Declan

9 Responses to “Declan”

  1. declanwriter says:

    Dear Diary:
    Before the rocket took off my head was clouded with questions: why was I picked for this astonishing journey? and is there any life form on this blanket of misty grey? I couldn’t contain my excitement at all. When i found out I had a chance to go to The one and only Moon I dashed around my house like it was Christmas and I just got a six hundred pounds gaming computer. I was even dancing in the car (and no it wasn’t because my favourite song was on)
    Dear Diary:
    The Moon was cratered because of all the meteors that have striked it. I was so gleeful when i found Neil Amstrong’s foot prints in the misty fog i couldn’t wait to tell my family.

  2. declanwriter says:

    Pandora story carried on:

    Tom and Jez ran for their lives as this horrendous beast chased them like a starving wolf desperate for food. This Beast was definitely not friendly because of its thunderous growl, its three eyes, eight legs (including arms), three heads and viscous, razor-sharp teeth.

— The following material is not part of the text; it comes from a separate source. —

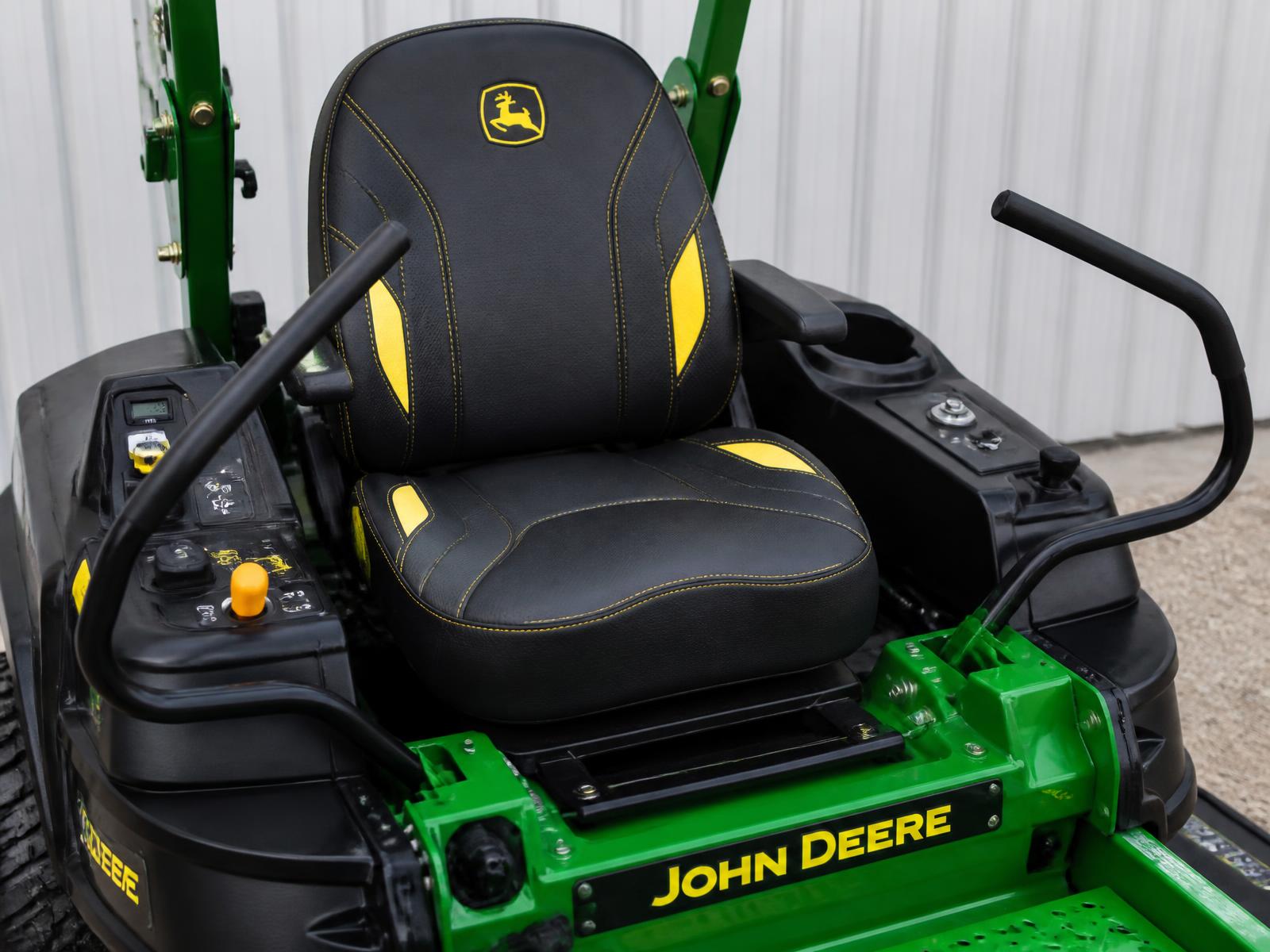 Comfortable, Adjustable Operator Station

    As Tom and Jez kept running they suddenly came to a dead end of entwined trees blocking their path. What was they going to do? They could be eaten alive. All they could do was stand on the spot motionlessly.

    “Tom, we ARE going to DIE!!”

    The unknown creature opened it’s three gigantic jaws and leaned towards the boys.They was about to be eaten alive. Tom took a step back and part of the grass fell in to a bottomless pit or was it?…

  3. elliegwriter says:

    Good story declan im scared now

  4. declanwriter says:

    As Ali started to take a deep breath she wiped the sweat of her drippy brow,the door looked like it was abandoned years ago, then she started thinking carefully about what she was doing, her mind was clouded with questions. But then suddenly she stopped and stood motionless, the girl looked like she had been stunned by a stun gun. She had made up her mind. Finally she gradually opened the door, as fast as lightning a burst of breeze headed her way. She started having second thoughts about entering this abandoned murder house, as soon as Ali took a step forward she heard a little girl laughing like a possessed doll. She was creeped out at once but thought she had came all this way she cant turn back now. When her whole body was inside this forgotten warehouse the door slammed behind her, now she new she would not be able to exit now. Ali heard a familliar voice that sounded annoyed saying:
    “You shouldn’t of come here!”
    “Who are you? asked Ali
    her question was answered with silence. the lights flicked then when it stopped she spotted in the corner of her eye:a doll rocking on a chair, at first she thought the doll wasn’t rocking the chair but she carried on staring at it and realised it didn’t stop rocking! Then it somehow dissapeared and then a radio started to play music but not just any music it was singing in a sing song tune:
    “I’m watching you i’m watching you,”
    “Argh!” screamed Ali, footsteps and heavy breathing were heard approaching her at speed Ali was so scared she would do anything to get out of this horrendous structure. So she spotted a shelf that was lower enough for her to fit in and hide so she did just that. Eventually the doll found her she said
    “i’m sorry I frightened you please forgive me.”
    as seeing the doll up close Ali realised it was her most-favourite doll she had accidentally left at her old house
    “How are you talking to me!?”
    “I don’t know but I do know you love me please can we be together again I think its cooler that i can actually move now with you?”
    Ali thought for a moment and then she thought if it would get me out of here….. yes
    “Fine”
    After all that the doll and Ali played together and everything but didn’t tell mum and dad, they had so much fun. The End
    P.S Mr spelman can i have 10 house points if this story gave you nightmares please? only joking lol

  5. leowriter says:

    THAT WAS AWSOME WRITING DECLAN!!! Although you did miss some capital letters:0):0):0):0):0):0):0):0):0):0):0):0):0):0):0):0):0):0):0):0)

  6. givernywriter says:

    some of the i’s have missed capitals, but other than that it is GREAT!:)

  7. declanwriter says:

    Dear Mrs Ely,
    I am writing to complain about the idea of receiving homework everyday. I mean really, homework every day?! I am incredibly bemused by this horrendous idea. I don’t think we should get homework everyday because then we would lose out on our own social lives. I think we get enough homework now and do not need more.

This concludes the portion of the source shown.